▶ EXERCISE GOAL
Quote exactly, and only, the lines of the material below from the line with "Resale - Villa" through the line with "Pequot Mountain Mist".

(WORKING DATA begins)

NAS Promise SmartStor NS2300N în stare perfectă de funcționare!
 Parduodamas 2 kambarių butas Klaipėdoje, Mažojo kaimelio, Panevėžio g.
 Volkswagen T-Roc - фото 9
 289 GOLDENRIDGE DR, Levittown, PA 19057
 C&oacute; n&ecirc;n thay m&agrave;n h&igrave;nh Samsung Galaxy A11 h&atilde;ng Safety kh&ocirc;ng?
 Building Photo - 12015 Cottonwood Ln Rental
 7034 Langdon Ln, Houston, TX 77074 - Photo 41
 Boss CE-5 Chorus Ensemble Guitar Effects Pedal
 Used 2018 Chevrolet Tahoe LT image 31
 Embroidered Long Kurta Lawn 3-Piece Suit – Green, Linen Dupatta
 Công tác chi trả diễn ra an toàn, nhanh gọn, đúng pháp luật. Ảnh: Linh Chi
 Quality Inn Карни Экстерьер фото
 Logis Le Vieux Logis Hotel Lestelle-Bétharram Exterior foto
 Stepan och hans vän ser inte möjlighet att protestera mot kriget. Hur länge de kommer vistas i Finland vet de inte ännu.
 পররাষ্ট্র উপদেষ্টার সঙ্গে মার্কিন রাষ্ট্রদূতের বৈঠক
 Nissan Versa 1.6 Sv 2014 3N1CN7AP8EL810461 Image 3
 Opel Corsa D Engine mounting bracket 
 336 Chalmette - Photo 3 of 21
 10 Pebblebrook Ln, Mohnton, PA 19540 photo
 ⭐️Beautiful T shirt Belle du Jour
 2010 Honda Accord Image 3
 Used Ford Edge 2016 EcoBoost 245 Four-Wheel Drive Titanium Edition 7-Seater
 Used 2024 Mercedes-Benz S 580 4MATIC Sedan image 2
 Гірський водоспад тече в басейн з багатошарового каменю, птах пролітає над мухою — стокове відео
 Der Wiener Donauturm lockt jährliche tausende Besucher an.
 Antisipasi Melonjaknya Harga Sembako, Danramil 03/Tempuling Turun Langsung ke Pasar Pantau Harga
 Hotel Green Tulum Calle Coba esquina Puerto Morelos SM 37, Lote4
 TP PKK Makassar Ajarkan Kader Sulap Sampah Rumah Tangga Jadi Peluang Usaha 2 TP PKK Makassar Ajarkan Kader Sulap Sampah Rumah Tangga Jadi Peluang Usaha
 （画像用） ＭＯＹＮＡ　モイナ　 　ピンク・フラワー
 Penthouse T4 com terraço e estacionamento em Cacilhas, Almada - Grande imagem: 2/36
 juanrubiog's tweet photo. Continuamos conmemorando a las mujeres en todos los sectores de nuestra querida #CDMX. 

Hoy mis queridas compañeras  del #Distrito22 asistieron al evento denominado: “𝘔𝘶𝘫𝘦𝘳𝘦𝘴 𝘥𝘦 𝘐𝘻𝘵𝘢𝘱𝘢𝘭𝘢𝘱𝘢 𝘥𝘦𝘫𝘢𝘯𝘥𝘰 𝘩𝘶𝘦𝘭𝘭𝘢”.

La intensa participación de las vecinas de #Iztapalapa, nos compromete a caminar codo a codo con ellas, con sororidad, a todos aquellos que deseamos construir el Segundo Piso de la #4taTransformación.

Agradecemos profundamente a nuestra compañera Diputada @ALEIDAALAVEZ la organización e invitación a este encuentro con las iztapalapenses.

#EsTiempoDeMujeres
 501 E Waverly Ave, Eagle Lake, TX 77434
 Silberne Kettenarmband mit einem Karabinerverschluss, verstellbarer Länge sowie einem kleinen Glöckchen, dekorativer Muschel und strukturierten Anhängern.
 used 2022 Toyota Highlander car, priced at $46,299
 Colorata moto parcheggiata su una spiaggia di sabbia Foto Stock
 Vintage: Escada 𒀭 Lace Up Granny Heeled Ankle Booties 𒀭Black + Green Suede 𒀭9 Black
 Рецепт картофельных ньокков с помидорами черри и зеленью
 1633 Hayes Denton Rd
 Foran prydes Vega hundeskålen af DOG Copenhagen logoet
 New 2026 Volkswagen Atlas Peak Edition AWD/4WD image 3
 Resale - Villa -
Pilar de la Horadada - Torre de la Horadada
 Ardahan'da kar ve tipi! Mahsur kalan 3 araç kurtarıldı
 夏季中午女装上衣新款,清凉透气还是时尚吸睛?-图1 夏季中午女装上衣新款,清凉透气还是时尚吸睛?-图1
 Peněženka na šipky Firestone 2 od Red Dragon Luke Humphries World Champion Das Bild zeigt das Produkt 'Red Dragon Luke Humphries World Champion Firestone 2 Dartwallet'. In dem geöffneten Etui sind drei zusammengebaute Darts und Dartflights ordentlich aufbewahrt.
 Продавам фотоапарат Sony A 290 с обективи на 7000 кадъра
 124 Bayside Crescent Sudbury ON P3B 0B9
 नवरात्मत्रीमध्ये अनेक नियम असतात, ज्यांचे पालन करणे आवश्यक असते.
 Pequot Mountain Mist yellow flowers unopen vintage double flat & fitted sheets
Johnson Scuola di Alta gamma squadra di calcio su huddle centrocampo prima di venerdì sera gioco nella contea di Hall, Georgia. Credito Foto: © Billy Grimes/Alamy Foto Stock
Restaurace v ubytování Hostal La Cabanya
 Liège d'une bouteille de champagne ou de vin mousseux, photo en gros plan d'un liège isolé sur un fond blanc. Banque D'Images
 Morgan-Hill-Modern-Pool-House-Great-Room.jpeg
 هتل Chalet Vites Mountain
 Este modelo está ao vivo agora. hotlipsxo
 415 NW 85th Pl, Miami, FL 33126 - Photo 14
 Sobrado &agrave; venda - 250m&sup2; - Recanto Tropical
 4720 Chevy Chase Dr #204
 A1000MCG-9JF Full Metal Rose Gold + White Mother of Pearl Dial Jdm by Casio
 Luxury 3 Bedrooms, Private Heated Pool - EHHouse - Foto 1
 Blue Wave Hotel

(WORKING DATA ends)

▶ PROBLEM SOLUTION
 Resale - Villa -
Pilar de la Horadada - Torre de la Horadada
 Ardahan'da kar ve tipi! Mahsur kalan 3 araç kurtarıldı
 夏季中午女装上衣新款,清凉透气还是时尚吸睛?-图1 夏季中午女装上衣新款,清凉透气还是时尚吸睛?-图1
 Peněženka na šipky Firestone 2 od Red Dragon Luke Humphries World Champion Das Bild zeigt das Produkt 'Red Dragon Luke Humphries World Champion Firestone 2 Dartwallet'. In dem geöffneten Etui sind drei zusammengebaute Darts und Dartflights ordentlich aufbewahrt.
 Продавам фотоапарат Sony A 290 с обективи на 7000 кадъра
 124 Bayside Crescent Sudbury ON P3B 0B9
 नवरात्मत्रीमध्ये अनेक नियम असतात, ज्यांचे पालन करणे आवश्यक असते.
 Pequot Mountain Mist yellow flowers unopen vintage double flat & fitted sheets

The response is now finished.